3. Other New Testament authors use it also (Heb. 6:10-12, I Pet. 1:3-8, I Pet 1:21-22, Heb. 10:22-24). Maybe they were all influenced by Paul, or maybe Paul, I Peter, and Hebrews are all citing some other source. Like, um, a praise song they all knew.

4. Here’s the iffiest of the iffy connections. Macarius the Egyptian, a fourth-century Christian spiritual writer, reports a saying of Jesus which was not written down in Scripture but circulated orally through the centuries: “Take care of faith and hope through which is begotten the love of God and man which gives eternal life.” Is it possible that Jesus said such a thing and that the saying was passed down the centuries and recorded in the year 300? Yes, it’s possible. Jesus said many things, not all of them recorded on the spot (agrapha, they’re called). Acts 20:35 is the best example, and I’m glad that Luke wrote down the fact that Paul mentioned that Jesus said “it is more blessed to give than receive.” I’m greedy for red print and would like to have every saying of Jesus I can get my hands on. But the Macarius one, “Take care of faith and hope through which is begotten the love of God and man…” strikes me as unlikely, and shows up late.

Hunter is a wise man, so after making his case he admits, “I do not press it.” But he thinks the evidence “strongly suggests that this triadic formula is not only a bit of very early Christianity, but may very possibly be derived from a logion of Jesus.” (35)

It would be sweet if the origin of “these three which abide” were actually a teaching from the mouth of Jesus Christ, well known among the early churches, and used by Paul because he knew it would be recognizable to all.

All speculation aside, “faith, hope, and love” certainly do constitute a remarkable triad, and even if they’re not dominical (from the Lord) they’re definitely apostolic (from Paul and Peter). If they didn’t function in the earliest (pre-Pauline) church as “a sort of compendium of the Christian life,” they functioned that way later, as for instance in Augustine’s great little Handbook on Faith, Hope, and Love, or in Aquinas’ treatise on the virtues in the Summa Theologia, or numerous other overviews of the Christian life.

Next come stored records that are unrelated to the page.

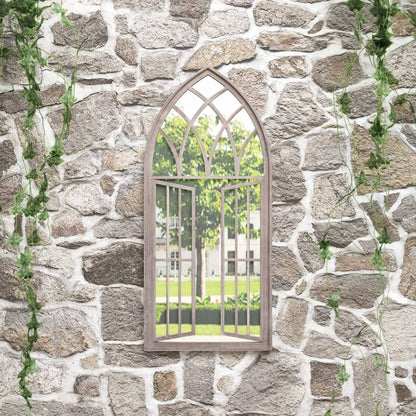 Zahradní Zrcadlo Pískové Železo Pro Použití Venku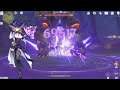 Lisa crowned + Kagura's Verity vs Primo Geovishap. リサ【Genshin Impact】【Genshin】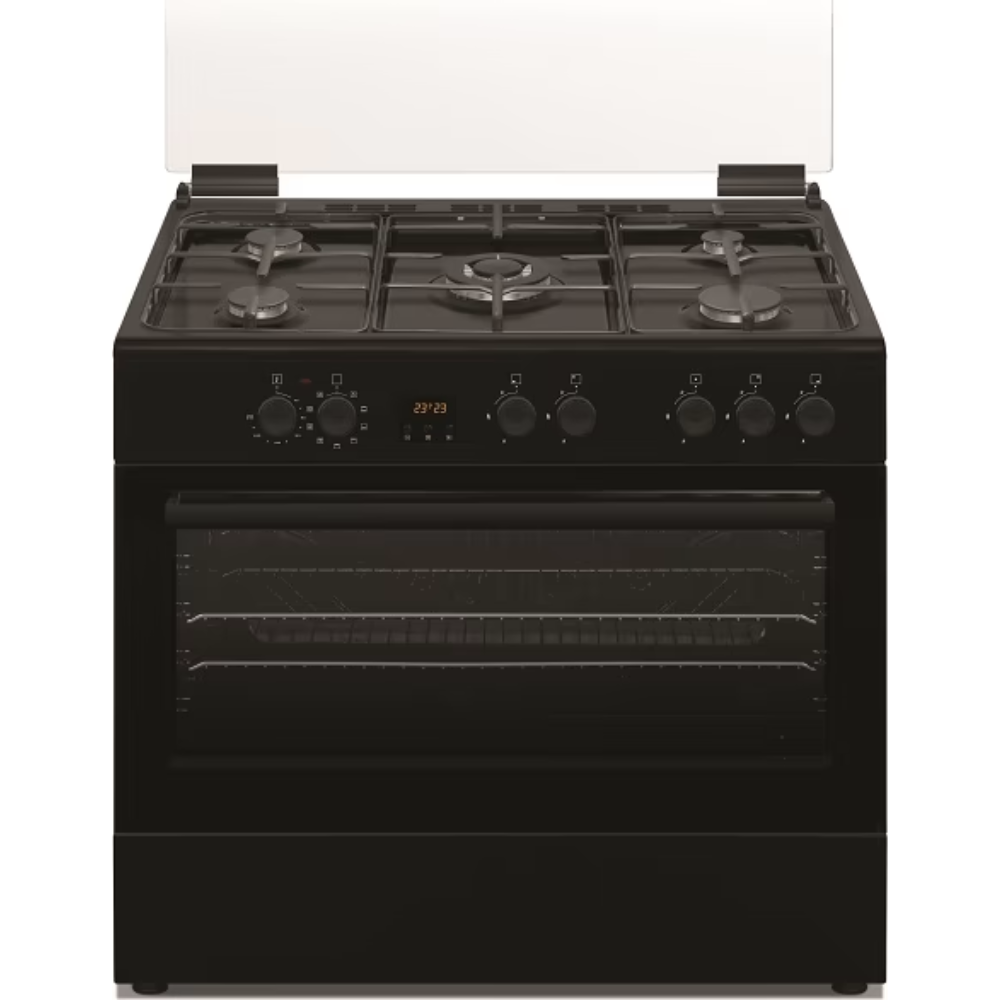 תנור משולב 90 ס"מ פרינס דגם PR9060BL שחור - יבואן רשמי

If we don’t have definite access to the prehistory of faith, hope, and love, we at least have access to its later effects. Christians see a great deal in this set of words, and Paul is saying a mouthful when he thanks God for the Colossian church’s faith in Christ, love for the saints, and hope in heaven.

(This is a lightly-revised re-post of a 2006 blog entry. I’m doing a series of Colossians-related re-posts this week because my church is preaching through Colossians, and I’m trying to get back in the habit of daily blogging.)